From: Scott Chase (ecphoric@hotmail.com)
Date: Fri 01 Nov 2002 - 23:18:46 GMT
>From: joedees@bellsouth.net
>Reply-To: memetics@mmu.ac.uk
>To: memetics@mmu.ac.uk, fmb-majordomo@mmu.ac.uk
>Subject: Re: electric meme bombs
>Date: Fri, 1 Nov 2002 15:09:43 -0600
>
> > Joe,
> > > Different people can indeed have similar thoughts, but this does not
> > > mean that several similar actions taken by the same person do not
> > > share a common mental basis. Individual neurons fire, or do not
> > > fire, depending upon their input from other neuurons, and dynamic
> > > gestalt- patterns are indeed formed, which refer to and represent
> > > certain specific informational types and not others; some of these
> > > information types may be accessed to guide specific action tokens.
> > > Which patterns have been internalized depends upon an individual's
> > > genetic predispositions, personal choices and environmental history.
> >
> > I don 't deny that either, but that ain 't the thing I was after ! I
> > am fighting the assumption that the bias HAS to be a common one. IMO,
> > maybe it is too hard to comprehend, what commonly is seen as
> > collective is the way by which the evolution of a singularity went up.

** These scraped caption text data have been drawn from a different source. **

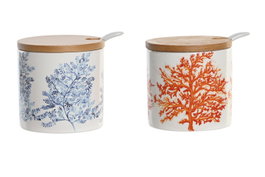 DKD Home Decor Azucarero Coral 22 de Dolomita, 175ml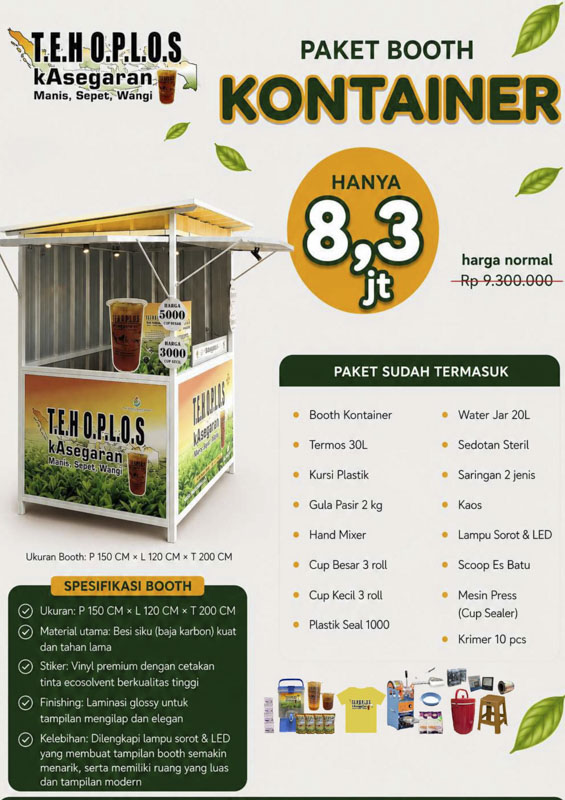 Teh Oplos Kasegaran Harga
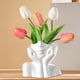 thumbnail image 1 of Jarrón con forma de cara femenina,Jarrón con forma de cara femenina para decoración del hogar y la entrada,Jarrón decorativo de flores para decoración de mesa de oficina,Jarrón de arte, 1 of 8
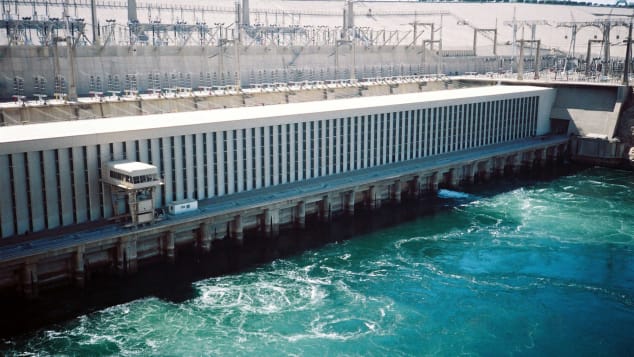 The construction of the Aswan High Dam, completed in 1970, has generated hydro-electricity for Egypt and increased arable land in Egypt.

> > Everything in nature tends to be (the) getting better/ best. Our
> > course to take this, that this is done along lines of consensus,
> > deliberation and consultation for granted has led us away of what
> > really matters in nature_ the singularity of whatever kind from
> > whereout the evolution of the object/ subject can begin.
> >
> > The idea is to get from the Big bang as singularity to the Universe,
> > from one cell to multiple celluar organisms, from one single idea to
> > the complex state of a memeplex, from one seed of one tree to the
> > whole of the forest which eventually will grow, from the one single
> > hut to the houses in the town.... from singular to plural that is the
> > way evolution follows.
> >
>No, evolution tends to favor progressively more complex and elaborated
>systems, which permit a wider range of possible alternatives to the
>organism, and thus increase the likelihood that it will survive to
>reproduce. Not from singular to multiplicity, but from less complex to
>more complex system.
>
Yet bacteria rule the planet.
If you draw an imaginary line from monad to man and generalize from this
unidimensional and linearized view of evolution up a ladder across the
whole, you might tend to (mis)perceive a progressive tendency toward
complexity in evolution, especially if you fail to define "complex" and
"elaborate".
Some of us avoid such cheezy generalizations.